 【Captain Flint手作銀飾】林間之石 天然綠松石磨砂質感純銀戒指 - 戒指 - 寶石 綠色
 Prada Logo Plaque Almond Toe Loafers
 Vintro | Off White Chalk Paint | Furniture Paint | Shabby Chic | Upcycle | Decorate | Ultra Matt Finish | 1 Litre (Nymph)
^^^^^^^^^^^^^^^^
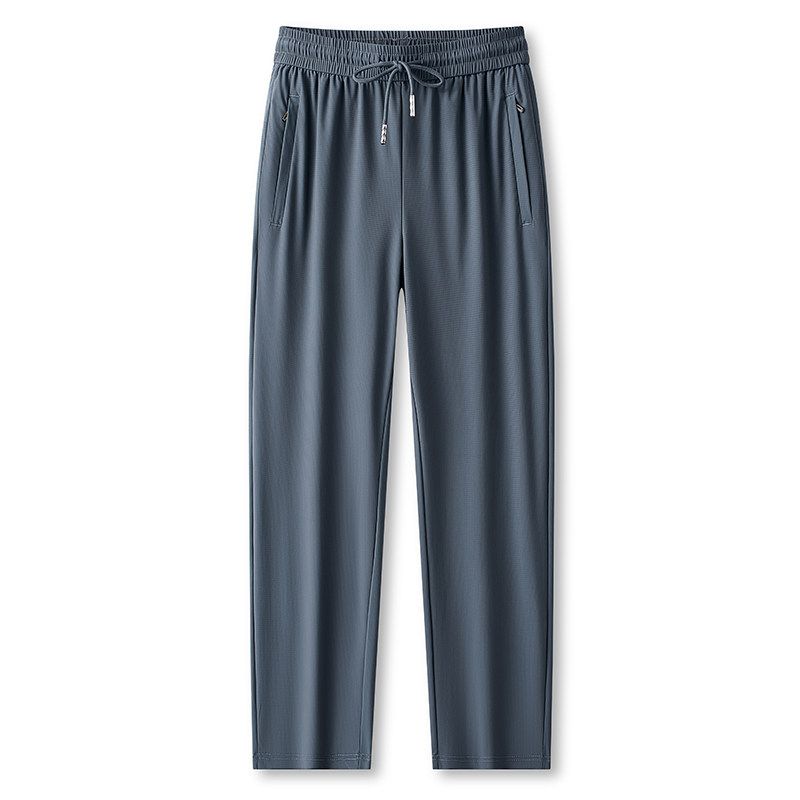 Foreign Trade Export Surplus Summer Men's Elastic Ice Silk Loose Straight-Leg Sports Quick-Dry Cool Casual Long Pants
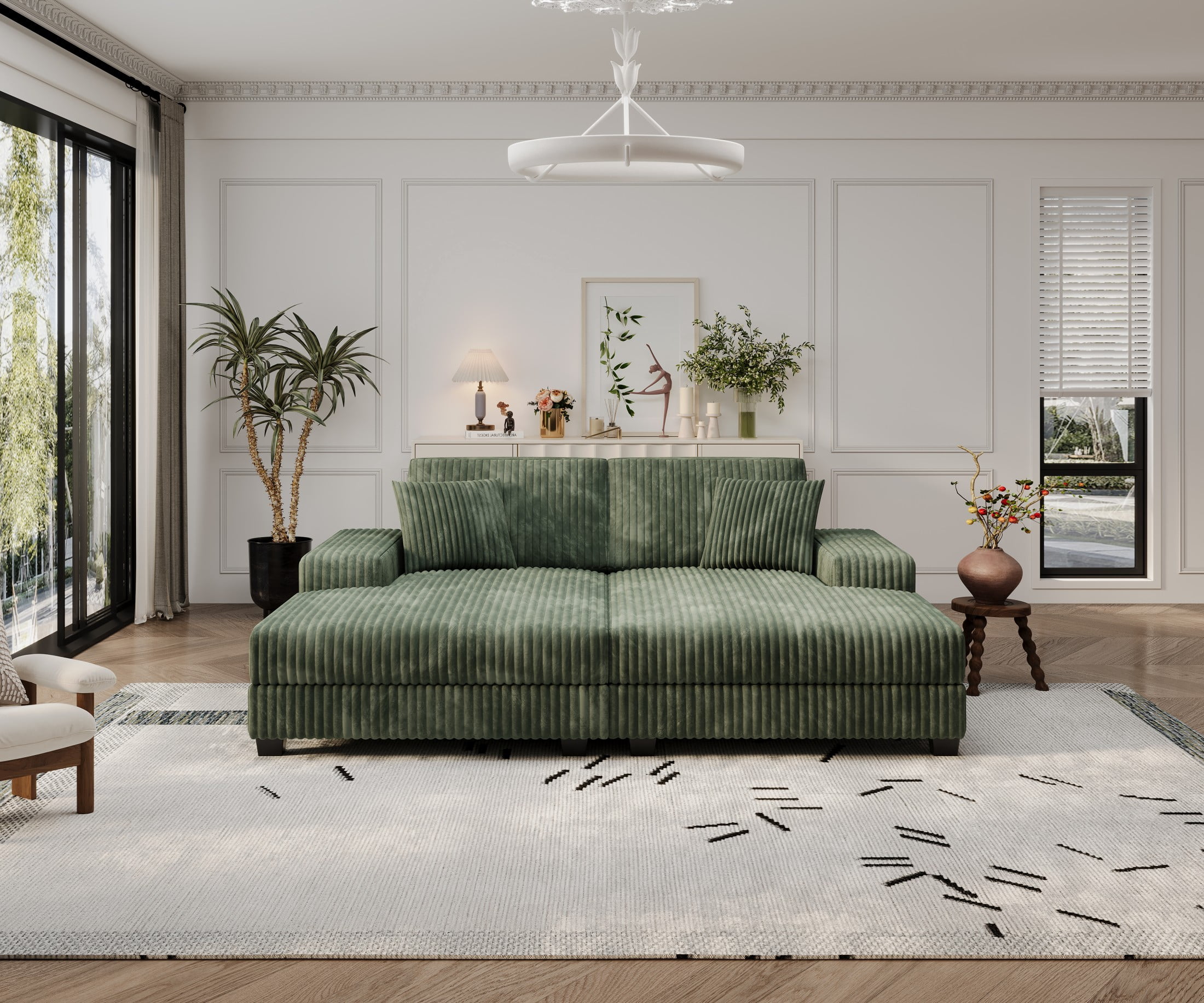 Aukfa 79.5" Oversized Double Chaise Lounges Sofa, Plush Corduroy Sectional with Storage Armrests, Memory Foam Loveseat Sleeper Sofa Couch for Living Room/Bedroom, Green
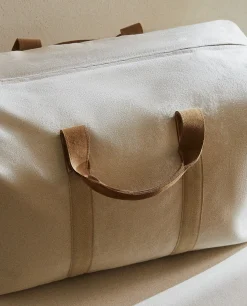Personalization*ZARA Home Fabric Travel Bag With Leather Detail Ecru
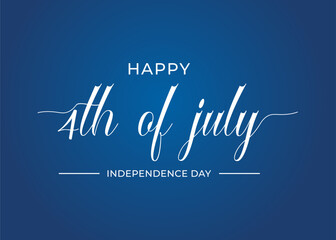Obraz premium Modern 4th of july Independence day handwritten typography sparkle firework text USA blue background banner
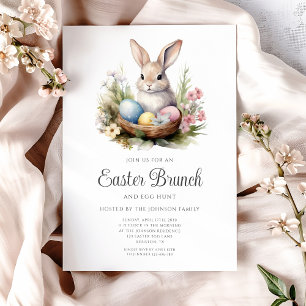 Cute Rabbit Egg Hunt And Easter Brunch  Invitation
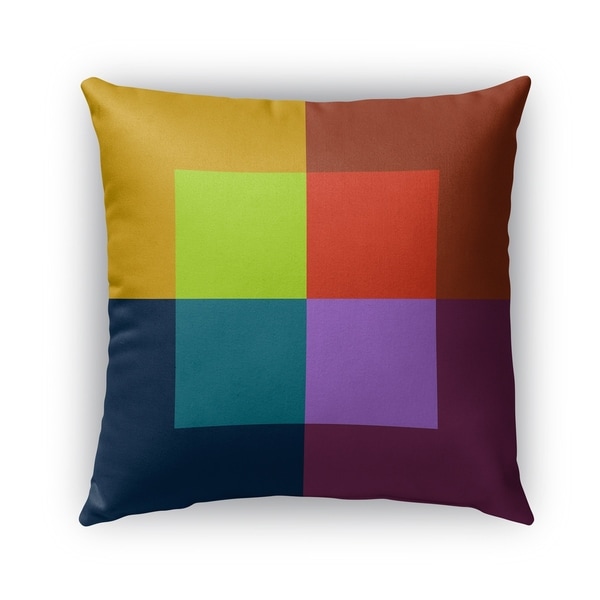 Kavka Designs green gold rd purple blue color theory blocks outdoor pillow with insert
^^^^^^^^^^^^^^^^
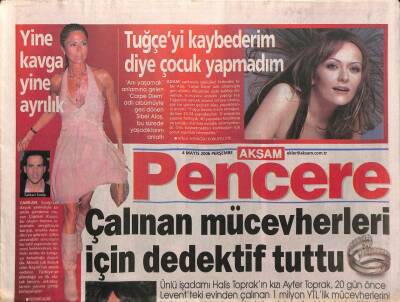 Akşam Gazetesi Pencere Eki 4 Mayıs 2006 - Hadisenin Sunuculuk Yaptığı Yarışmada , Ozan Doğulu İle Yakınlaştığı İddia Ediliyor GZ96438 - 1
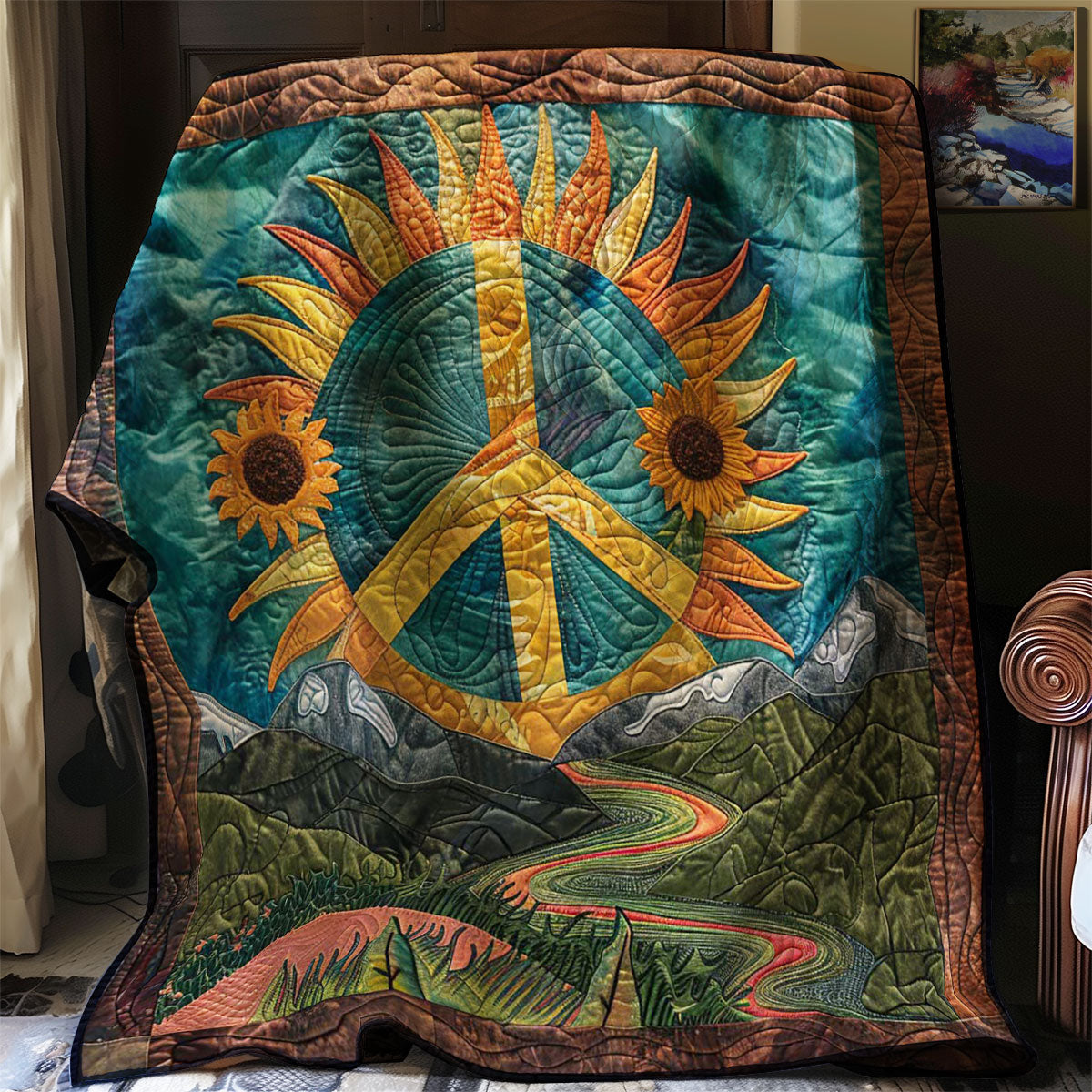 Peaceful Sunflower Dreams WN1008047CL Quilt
^^^^^^^^^^^^^^^^
» **Task requirements**: Nothing but the lines from the one containing "Obraz premium Modern" through the one containing "Kavka Designs green" should appear, copied exactly from the material above and without pictures.

» **Solution for this task**:
Obraz premium Modern 4th of july Independence day handwritten typography sparkle firework text USA blue background banner
 Cute Rabbit Egg Hunt And Easter Brunch  Invitation
 Kavka Designs green gold rd purple blue color theory blocks outdoor pillow with insert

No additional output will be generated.